Task requirements:
Repeat exactly the lines below that lie between the line with "Profil Team Schodová" and the line with "Women Sparkly Gold", counting both of those lines as part of the answer.
[[ Study material open ]]
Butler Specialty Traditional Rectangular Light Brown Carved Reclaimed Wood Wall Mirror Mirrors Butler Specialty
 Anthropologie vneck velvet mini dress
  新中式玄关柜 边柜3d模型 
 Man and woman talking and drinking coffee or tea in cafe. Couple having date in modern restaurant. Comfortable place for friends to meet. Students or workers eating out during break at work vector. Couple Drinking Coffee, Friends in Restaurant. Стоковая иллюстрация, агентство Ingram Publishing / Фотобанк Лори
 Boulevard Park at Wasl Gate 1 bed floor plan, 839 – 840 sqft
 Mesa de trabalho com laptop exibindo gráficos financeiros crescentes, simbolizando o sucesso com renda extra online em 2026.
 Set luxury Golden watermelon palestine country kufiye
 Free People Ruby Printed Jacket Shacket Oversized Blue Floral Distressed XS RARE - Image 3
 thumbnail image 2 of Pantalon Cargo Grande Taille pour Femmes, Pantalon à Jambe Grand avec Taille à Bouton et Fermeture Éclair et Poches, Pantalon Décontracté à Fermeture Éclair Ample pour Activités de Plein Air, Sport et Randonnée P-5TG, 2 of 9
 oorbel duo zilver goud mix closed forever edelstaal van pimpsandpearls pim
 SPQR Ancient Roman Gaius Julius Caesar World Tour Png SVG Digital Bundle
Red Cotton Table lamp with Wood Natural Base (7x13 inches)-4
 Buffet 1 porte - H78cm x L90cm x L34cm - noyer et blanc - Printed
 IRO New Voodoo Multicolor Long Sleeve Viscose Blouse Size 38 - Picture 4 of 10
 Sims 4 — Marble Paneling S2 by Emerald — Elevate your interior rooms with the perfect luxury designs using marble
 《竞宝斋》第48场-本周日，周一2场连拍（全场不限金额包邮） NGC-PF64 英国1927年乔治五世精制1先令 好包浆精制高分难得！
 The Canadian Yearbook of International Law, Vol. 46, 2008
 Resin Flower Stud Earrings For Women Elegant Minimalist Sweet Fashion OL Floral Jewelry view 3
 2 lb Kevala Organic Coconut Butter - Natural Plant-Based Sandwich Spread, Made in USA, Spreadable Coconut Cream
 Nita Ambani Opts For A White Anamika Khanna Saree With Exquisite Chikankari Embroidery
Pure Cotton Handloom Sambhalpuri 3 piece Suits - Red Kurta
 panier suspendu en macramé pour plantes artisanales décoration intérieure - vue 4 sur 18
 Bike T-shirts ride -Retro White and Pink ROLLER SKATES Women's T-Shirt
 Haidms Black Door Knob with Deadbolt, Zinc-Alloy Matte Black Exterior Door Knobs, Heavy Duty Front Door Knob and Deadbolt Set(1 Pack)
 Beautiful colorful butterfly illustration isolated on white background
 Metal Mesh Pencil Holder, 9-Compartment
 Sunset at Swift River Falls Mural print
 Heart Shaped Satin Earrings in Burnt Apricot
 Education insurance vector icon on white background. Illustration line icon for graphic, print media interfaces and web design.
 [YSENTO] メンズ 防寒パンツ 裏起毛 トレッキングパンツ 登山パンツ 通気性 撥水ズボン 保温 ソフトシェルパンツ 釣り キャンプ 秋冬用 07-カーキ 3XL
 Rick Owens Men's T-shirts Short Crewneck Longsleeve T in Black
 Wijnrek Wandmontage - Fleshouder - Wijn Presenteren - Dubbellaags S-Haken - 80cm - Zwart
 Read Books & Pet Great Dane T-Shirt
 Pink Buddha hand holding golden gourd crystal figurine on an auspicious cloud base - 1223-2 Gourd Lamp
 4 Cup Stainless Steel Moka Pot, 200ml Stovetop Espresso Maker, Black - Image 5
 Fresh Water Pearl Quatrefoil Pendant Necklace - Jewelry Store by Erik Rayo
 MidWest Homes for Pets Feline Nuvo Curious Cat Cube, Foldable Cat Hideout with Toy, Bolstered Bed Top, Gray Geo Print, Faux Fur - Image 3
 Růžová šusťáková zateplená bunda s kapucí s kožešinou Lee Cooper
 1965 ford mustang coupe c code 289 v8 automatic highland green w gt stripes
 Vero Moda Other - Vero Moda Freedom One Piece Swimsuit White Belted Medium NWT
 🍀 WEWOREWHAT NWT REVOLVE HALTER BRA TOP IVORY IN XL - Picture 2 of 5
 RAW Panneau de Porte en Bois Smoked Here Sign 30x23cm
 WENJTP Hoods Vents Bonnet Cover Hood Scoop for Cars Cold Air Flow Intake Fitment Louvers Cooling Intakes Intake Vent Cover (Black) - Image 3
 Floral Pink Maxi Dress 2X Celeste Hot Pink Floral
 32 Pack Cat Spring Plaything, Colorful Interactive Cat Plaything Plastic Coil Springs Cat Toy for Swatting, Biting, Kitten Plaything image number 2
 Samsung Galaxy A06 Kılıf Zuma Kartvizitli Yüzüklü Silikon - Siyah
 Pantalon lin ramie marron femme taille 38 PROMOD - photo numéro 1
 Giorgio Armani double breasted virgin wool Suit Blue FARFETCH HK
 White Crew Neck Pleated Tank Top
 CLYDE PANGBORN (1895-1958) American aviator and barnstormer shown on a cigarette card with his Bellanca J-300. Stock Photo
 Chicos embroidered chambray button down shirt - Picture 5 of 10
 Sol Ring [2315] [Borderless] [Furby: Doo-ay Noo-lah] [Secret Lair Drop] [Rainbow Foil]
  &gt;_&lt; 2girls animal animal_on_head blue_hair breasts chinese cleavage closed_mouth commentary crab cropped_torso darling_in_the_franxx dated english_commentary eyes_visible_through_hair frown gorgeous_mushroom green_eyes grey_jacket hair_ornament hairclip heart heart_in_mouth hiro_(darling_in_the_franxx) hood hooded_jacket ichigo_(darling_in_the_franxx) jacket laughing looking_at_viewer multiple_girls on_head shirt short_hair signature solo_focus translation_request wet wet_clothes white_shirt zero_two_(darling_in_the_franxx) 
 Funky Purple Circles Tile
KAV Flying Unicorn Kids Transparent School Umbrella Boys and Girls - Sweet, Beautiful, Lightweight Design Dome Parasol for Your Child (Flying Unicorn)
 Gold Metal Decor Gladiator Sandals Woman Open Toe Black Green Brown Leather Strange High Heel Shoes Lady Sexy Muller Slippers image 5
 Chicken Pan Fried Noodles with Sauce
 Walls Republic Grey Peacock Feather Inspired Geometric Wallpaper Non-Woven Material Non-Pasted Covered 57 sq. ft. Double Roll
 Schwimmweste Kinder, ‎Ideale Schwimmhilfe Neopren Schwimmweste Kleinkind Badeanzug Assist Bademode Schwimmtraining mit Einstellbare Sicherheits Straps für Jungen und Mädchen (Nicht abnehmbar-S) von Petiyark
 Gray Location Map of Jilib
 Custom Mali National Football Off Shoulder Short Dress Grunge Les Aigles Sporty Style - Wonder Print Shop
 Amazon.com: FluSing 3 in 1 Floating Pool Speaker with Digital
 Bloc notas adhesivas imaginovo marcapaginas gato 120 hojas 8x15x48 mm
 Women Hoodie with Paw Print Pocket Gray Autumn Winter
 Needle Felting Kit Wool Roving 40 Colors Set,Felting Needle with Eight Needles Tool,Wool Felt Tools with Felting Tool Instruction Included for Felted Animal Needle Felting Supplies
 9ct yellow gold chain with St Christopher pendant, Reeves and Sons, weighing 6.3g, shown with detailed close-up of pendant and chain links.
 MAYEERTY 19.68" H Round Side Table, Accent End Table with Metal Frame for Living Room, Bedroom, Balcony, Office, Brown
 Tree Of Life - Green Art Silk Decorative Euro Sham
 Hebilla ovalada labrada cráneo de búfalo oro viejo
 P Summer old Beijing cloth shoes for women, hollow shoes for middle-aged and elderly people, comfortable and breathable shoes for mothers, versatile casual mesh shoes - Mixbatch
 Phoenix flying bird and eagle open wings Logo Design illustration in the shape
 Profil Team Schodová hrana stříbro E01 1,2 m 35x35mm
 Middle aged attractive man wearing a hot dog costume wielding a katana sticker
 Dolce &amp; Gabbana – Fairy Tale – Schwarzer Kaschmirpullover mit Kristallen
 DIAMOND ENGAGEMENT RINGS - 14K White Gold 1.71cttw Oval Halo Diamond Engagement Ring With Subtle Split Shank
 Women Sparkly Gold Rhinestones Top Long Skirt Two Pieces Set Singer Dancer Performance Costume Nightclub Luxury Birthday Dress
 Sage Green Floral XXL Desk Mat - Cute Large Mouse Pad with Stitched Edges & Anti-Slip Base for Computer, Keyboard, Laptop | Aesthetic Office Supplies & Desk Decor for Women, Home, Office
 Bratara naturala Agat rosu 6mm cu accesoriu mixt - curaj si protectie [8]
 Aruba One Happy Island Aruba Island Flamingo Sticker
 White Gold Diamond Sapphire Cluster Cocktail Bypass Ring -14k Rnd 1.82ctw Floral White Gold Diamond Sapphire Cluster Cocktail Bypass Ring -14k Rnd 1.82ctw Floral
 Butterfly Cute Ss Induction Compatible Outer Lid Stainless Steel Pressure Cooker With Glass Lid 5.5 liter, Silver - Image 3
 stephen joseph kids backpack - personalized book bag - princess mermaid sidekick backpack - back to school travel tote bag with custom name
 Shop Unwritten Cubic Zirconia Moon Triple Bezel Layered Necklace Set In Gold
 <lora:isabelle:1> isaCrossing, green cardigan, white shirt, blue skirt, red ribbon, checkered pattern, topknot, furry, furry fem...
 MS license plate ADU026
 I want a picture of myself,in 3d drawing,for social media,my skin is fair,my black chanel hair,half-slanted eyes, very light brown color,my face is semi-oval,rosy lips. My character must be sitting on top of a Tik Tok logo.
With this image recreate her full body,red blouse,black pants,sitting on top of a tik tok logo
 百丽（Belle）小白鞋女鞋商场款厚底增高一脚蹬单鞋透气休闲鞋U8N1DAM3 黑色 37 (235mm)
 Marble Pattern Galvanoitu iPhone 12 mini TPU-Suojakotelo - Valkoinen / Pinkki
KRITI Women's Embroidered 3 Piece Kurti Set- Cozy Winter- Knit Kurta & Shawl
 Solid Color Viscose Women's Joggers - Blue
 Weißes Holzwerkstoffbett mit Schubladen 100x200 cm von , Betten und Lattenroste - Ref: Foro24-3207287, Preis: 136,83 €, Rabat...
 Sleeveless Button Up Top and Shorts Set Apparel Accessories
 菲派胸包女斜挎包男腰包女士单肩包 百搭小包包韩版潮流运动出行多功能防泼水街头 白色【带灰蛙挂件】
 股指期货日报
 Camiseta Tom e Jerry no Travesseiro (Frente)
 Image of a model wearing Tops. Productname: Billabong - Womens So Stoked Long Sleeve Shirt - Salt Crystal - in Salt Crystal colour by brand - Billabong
[[ Study material closed ]]
Problem solution:
 Profil Team Schodová hrana stříbro E01 1,2 m 35x35mm
 Middle aged attractive man wearing a hot dog costume wielding a katana sticker
 Dolce &amp; Gabbana – Fairy Tale – Schwarzer Kaschmirpullover mit Kristallen
 DIAMOND ENGAGEMENT RINGS - 14K White Gold 1.71cttw Oval Halo Diamond Engagement Ring With Subtle Split Shank
 Women Sparkly Gold Rhinestones Top Long Skirt Two Pieces Set Singer Dancer Performance Costume Nightclub Luxury Birthday Dress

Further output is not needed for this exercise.